Another factor that Trump will have to deal with is the findings of the Muller Report on the charges that Russia had interfered on Trump’s behalf in the 2016 election. One of the issues that it raised was Trump’s refusal to cooperate with it. Did that slide into obstruction of justice? That is an issue that will be raised in the Ukraine investigation. That is also one of the grounds of impeachment.

A problem with acquitting Trump will be the implicit permission that will be extended to future US Presidents to use the leverage their office commands to ensure their re-election somehow. Trump does face an election, but it is now impossible that Biden will be unaffected by the whole affair in his seeking the Democratic nomination. If he fails to secure it, it will be Trump’s fault. If he wins it, but proceeds to lose the election itself, it will be because of Trump. The only satisfactory outcome for Biden supporters would be his winning the nomination, and the beating Trump.

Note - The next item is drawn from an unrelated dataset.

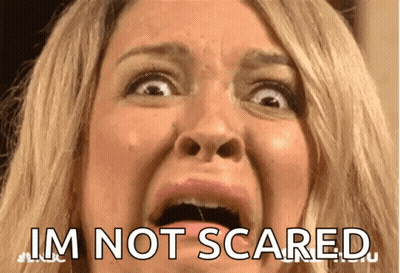 A Close Up Of A Woman 'S Face With The Words I 'M Not Scared On The Bottom GIF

This whole affair is directed at the election cycle. If Trump was removed from office, the Republican party would be faced with a late nomination race in 2020, another incentive to Republican Senators not to break ranks. However, the Senate will have to face the prospect of condoning the kind of behaviour that constitutes misuse of office.

That means that the breakdown of the USA would have begun. What target more natural than a potential future opponent? And what more pressing item for a first-term President than re-election? The only thing stopping that was the President’s fear of impeachment, and belief that the law is supreme, not him. When Trump became President, he seemed to have the potential to begin the sort of breakdown that had led to the Roman Republic becoming the Roman Empire. He is fulfilling that potential. It remains to be seen what he might do in a second term if he is elected to it.